• What you should do: Print exactly the lines of the listing below from the one containing "DIA ETF's Price" through the final line, both included, and no pictures.

• Source data:

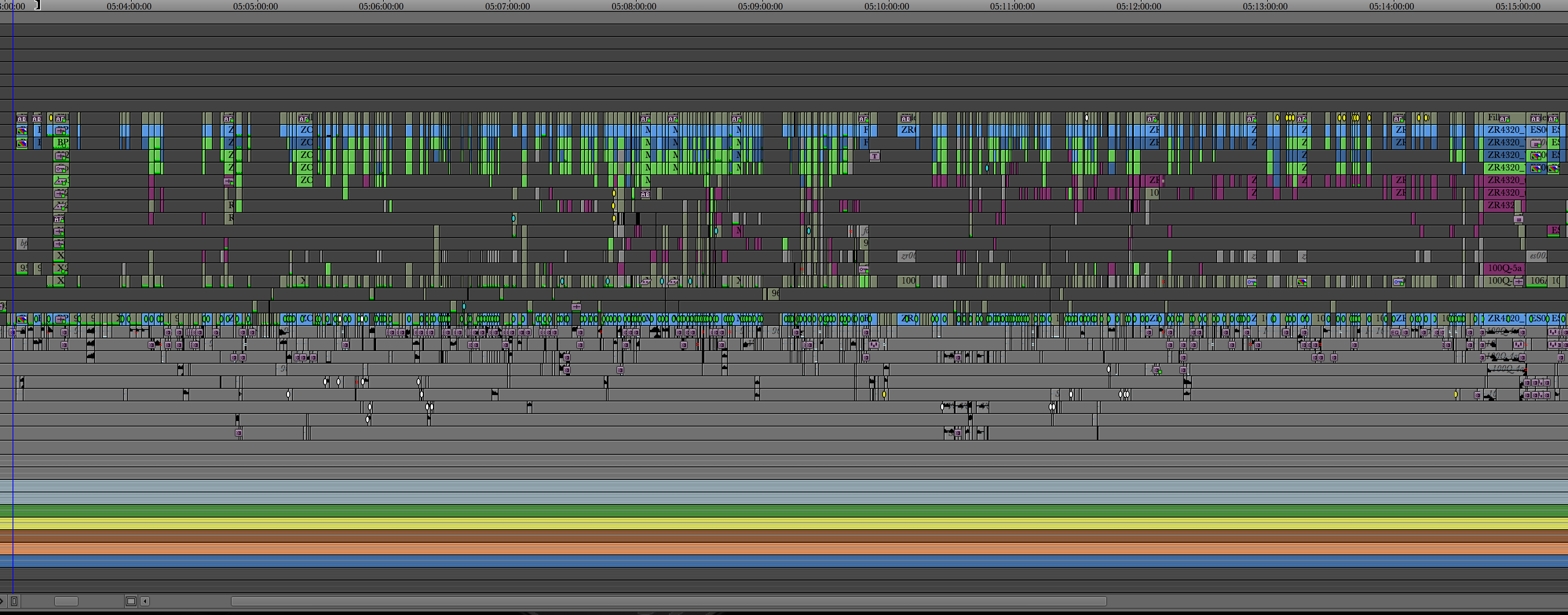 ART OF THE CUT on editing "Zombieland: Doubletap" 11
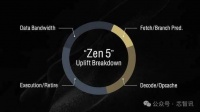 AMD Zen 5内核解析：IPC性能提升了16%！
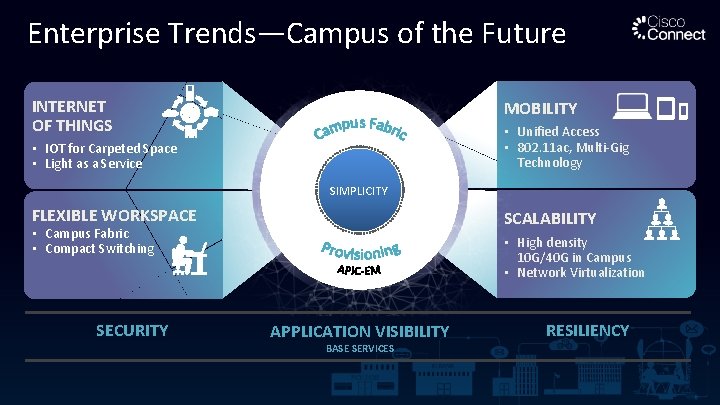 Enterprise Trends—Campus of the Future INTERNET OF THINGS • IOT for Carpeted Space •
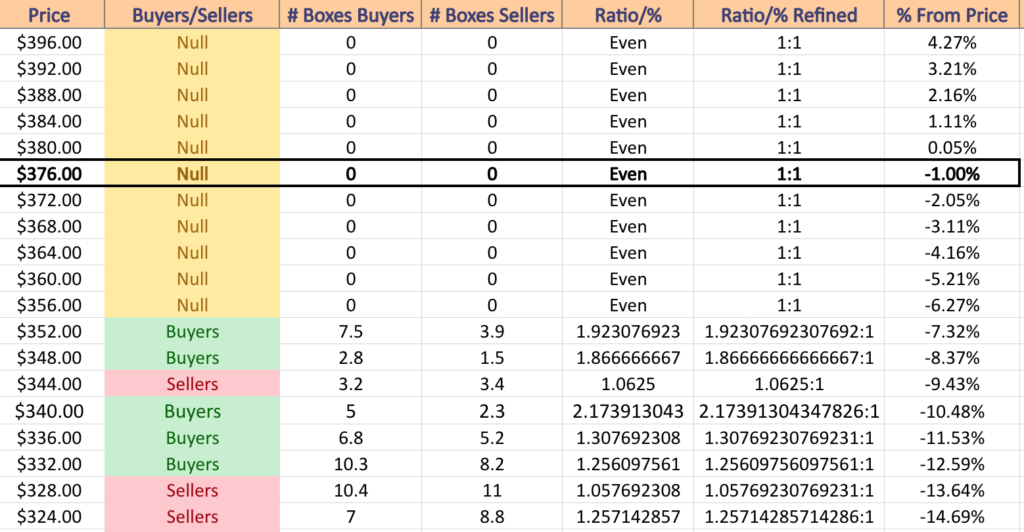 DIA ETF's Price Level:Volume Sentiment Over The Past 3-4 Years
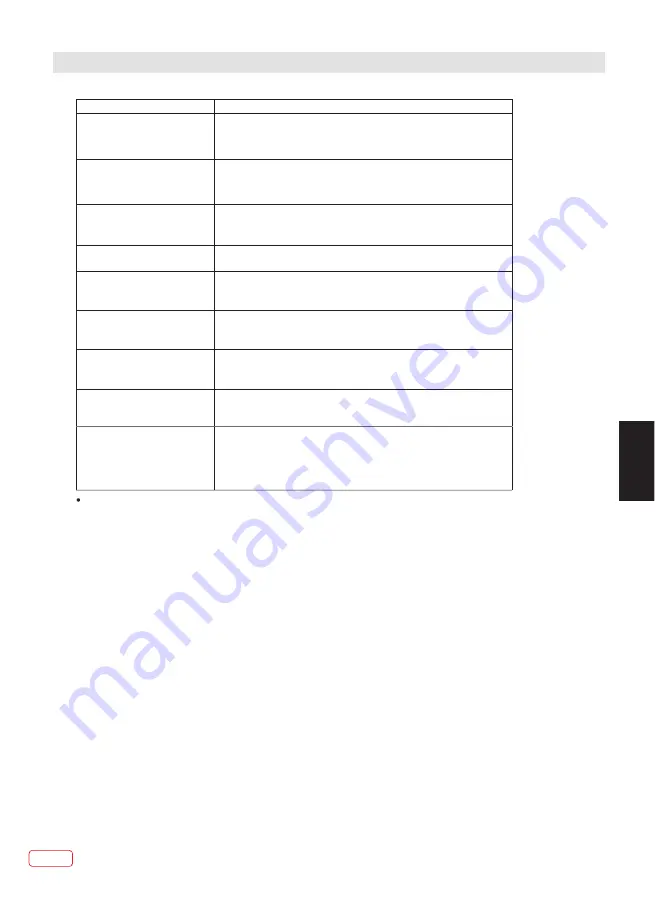 JVC LT-24HD7WU Operating Instructions Manual Download Page 110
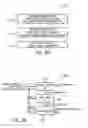 Fig. 75 - Systems and methods for local tone mapping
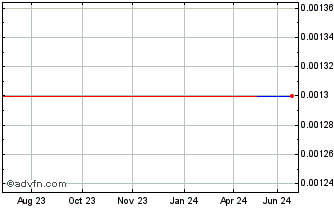 1 Year Cfoam (GM) Chart
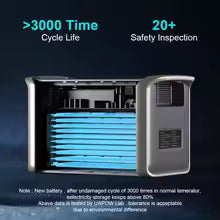 SummitCore PowerLink 600 Portable Power Station
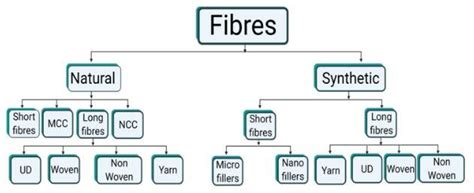 Image result for Synthetic Fiber Types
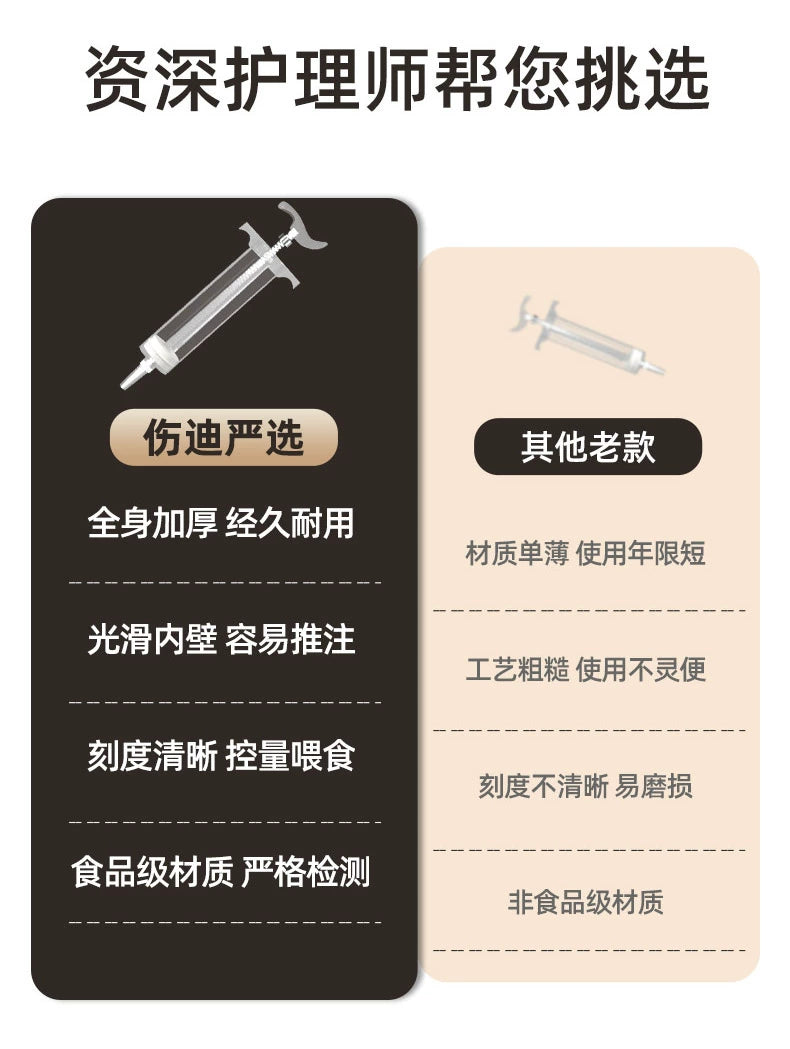 Nasal Feeding Flow Food Booster Feeder Stomach Tube Nasal Feeding Tube Syringe Large Syringe Elderly Feeding Handy Gadget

• Result of the exercise:
 DIA ETF's Price Level:Volume Sentiment Over The Past 3-4 Years
 JVC LT-24HD7WU Operating Instructions Manual Download Page 110
 Fig. 75 - Systems and methods for local tone mapping
 1 Year Cfoam (GM) Chart
 SummitCore PowerLink 600 Portable Power Station
 Image result for Synthetic Fiber Types
 Nasal Feeding Flow Food Booster Feeder Stomach Tube Nasal Feeding Tube Syringe Large Syringe Elderly Feeding Handy Gadget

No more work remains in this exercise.